Retrieving bulk twitter data

One of the potential challenges for my project is getting enough data. The rtweet package lets me retrieve 18,000 tweets at a time (limited by the Twitter API rate limit), which is more than enough for ongoing analysis. The more challenging part of the process is getting access to older tweets, because the Twitter API only returns data from the past 7 days.

To get access to more data, I have a few options:

Pay Twitter for an enterprise account with API access to the full Twitter history
Pay a third-party (who already has enterprise API access with Twitter) to extract the data
Creatively reconstruct the timeline by crawling from known participants
Screen scape like I’ve never screen scraped before

I actually considered all four of these options, and concluded:

Twitter are kidding themselves with their pricing. It is outrageous, and because they consider academics as one of their target markets, there are no student discounts.
An estimate for the purchase of #rstats tweets since January 1st 2010 (via Sifter which told me that I’m going to need to extract about 1.2 million tweets) came to US$80,000 which is obviously more than I am willing to pay for a uni project, or any project ever. And that doesn’t even consider all of the other hashtags I would want to extract!
I could probably reconstruct the majority of the #rstats timeline by finding everyone that tweeted in the last 7 days, finding all of their tweets, everyone they follow/mention/retweet, and then repeating all the way back to the start of recorded Twitter history (21 March 2006). This would be a good way to “crawl” through the whole R community (the ones on Twitter anwyay) but is likely infeasible due to the Twitter API rate limit. It’s a good idea to keep in the back pocket though!
Screen scraping can take ages if done “manually”, but there is a saviour in the form of Ahmet Taspinar’s twitterscraper Python package. This package uses standard Python web scraping approaches (via Beautiful Soup and Requests) to extract tweets using multiple HTTP requests in parallel. There are some questions about the legality and ethics of screen scraping, which I will discuss in my next post. For now, it is enough to note that it is possible and it looks like the answer to all of my problems.
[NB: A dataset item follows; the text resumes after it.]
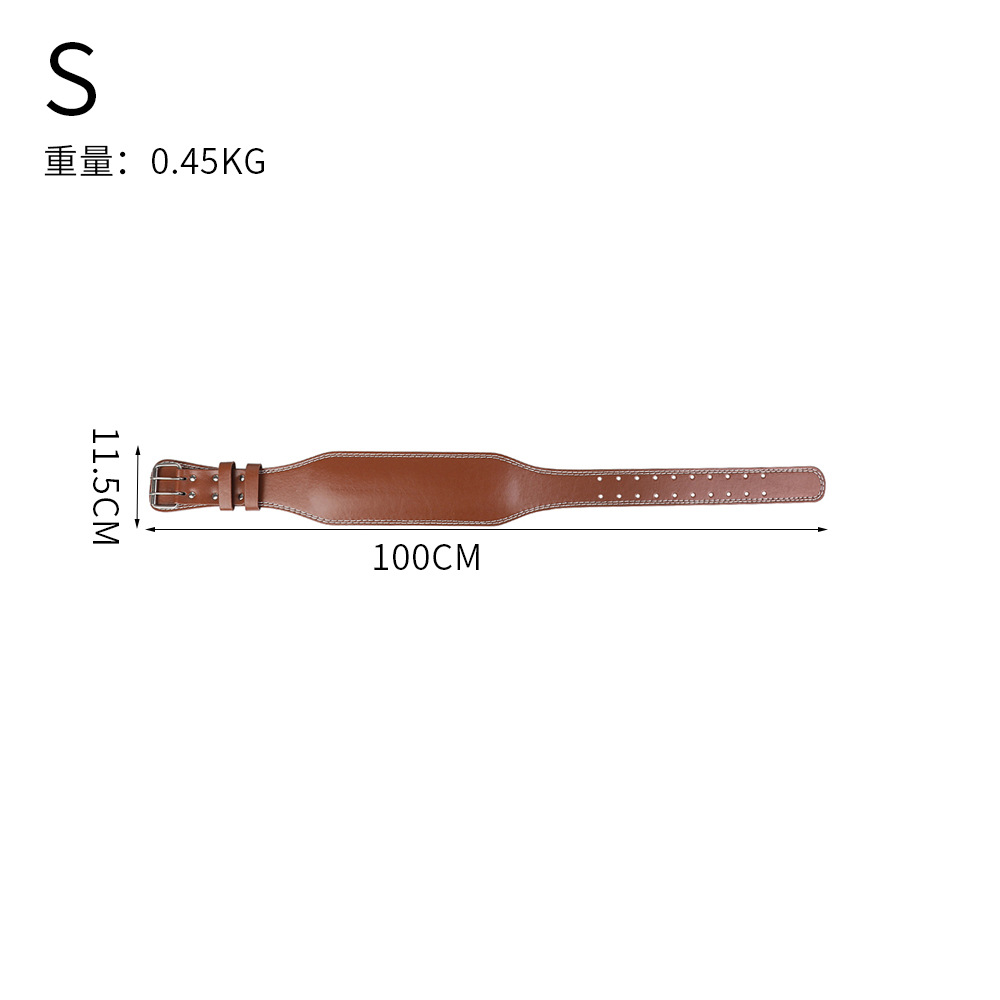 Picture of New Fitness Belt Thickened Sponge Multi-Buckle Adjusting Belt Hard Pull Squat Anti-Sprain Sports Training Protector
Scraping Twitter for #rstats

Regardless of the fact this project is explicitly focused on the R community, no one has written a Twitter scraper in R so it looks I’m using Python for this part of the project. The tool does come with a Command Line Interface (CLI) so I’ll be using that because it’s easier than diving into Python.

The following bash command searches for tweets with the #rstats hashtag, using 20 simultaneous connections, and stops when approximately 10,000 have been found. It then exports them to a CSV file.

twitterscraper '#rstats' --limit=10000 --output=/Users/perrystephenson/tweets.csv --csv

We can now load the tweets into R and see how they look.

library(tidyverse)
tweets <- read_csv("/Users/perrystephenson/tweets.csv")
tweets %>% select(fullname, text)

## # A tibble: 7,764 x 2
##    fullname          text                                                 
##    <chr>             <chr>                                                
##  1 Josh Reich        Next NY R Meetup - High Performance Computing with R…
##  2 Drew Conway       Finalized: next NYC #rstats #meetup will be held Thu…
##  3 Rense Nieuwenhuis Yes! My application for presenting influence.ME at t…
##  4 Rense Nieuwenhuis Translating a book on statistics, writing manual for…
##  5 Matt Parker       For my R people: http://learnr.wordpress.com/ looks …
##  6 datayoda          Tried to learn some R #rstats today. I just don't ge…
##  7 Rense Nieuwenhuis #Rstats: This bugs me: why do I get different result…
##  8 Jeff Horner       Just recommended brew for #rstats when someone else …
##  9 Michael E. Drisc… Tonite's R Users Meetup: Building Web Dashboards w/ …
## 10 Drew Conway       I am equal parts infuriated and fascinated by having…
## # ... with 7,754 more rows

It worked! We only have 7764 rows due to the way the limit is implemented, but that is okay for now. When we get rid of the limit term it will collect all available tweets. For now, we can take a look at the tweets that have been collected.

num_days <- max(as.Date(tweets$timestamp)) - min(as.Date(tweets$timestamp)) + 1
ggplot(tweets, aes(x = as.Date(timestamp))) +
  geom_histogram(bins = num_days)

This shows how the twitterscraper package works - it has spawned 20 separate sessions with their own date range (the default value for the --poolsize argument is 20), and has extracted tweets from each of those sessions until it hit the tweet limit. In theory I can have as many sessions as my internet connection will allow, and the date range for each of those sessions will be progressively smaller as the number of sessions is increased.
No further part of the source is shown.